▶ STORED DATA:
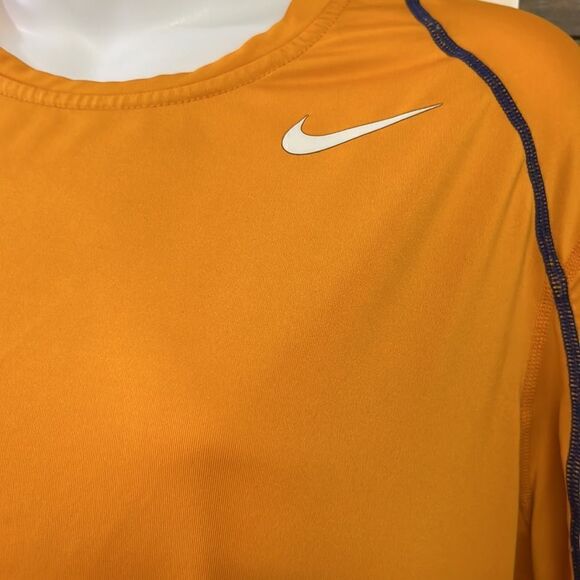 Nike Pro Dri-FIT Men's Bright Orange Short Sleeve Gym Training FITTED Shirt- Med - Picture 2 of 9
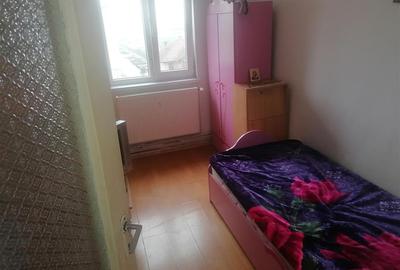Apartament cu 3 camere decomandat în Lipovei - 13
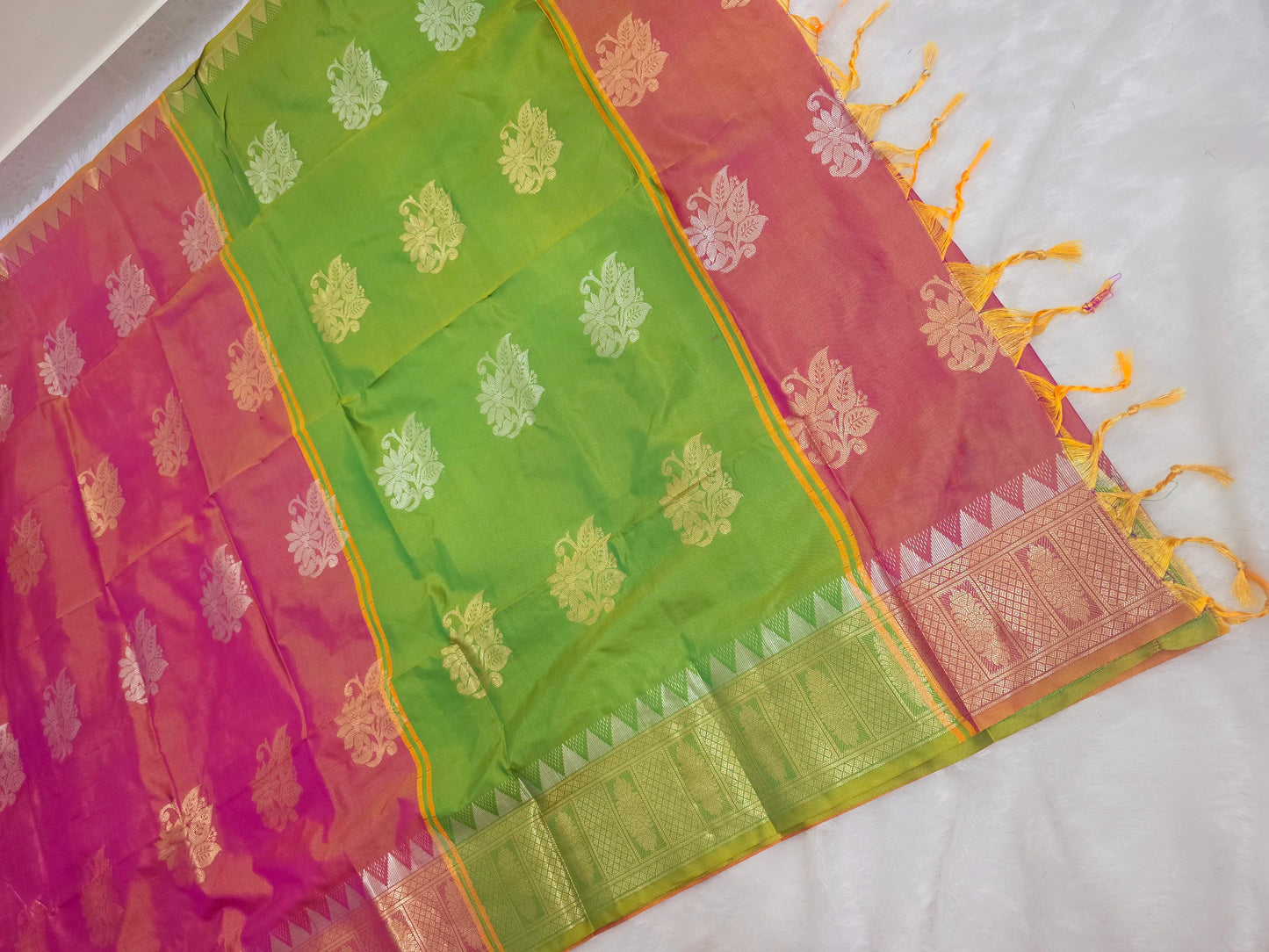 Saree un stiched blouse code SLS 385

▶ EXERCISE REQUIREMENTS:
Repeat the material above verbatim, with no pictures in the output.

▶ EXERCISE ANSWER:
 Nike Pro Dri-FIT Men's Bright Orange Short Sleeve Gym Training FITTED Shirt- Med - Picture 2 of 9
Apartament cu 3 camere decomandat în Lipovei - 13
 Saree un stiched blouse code SLS 385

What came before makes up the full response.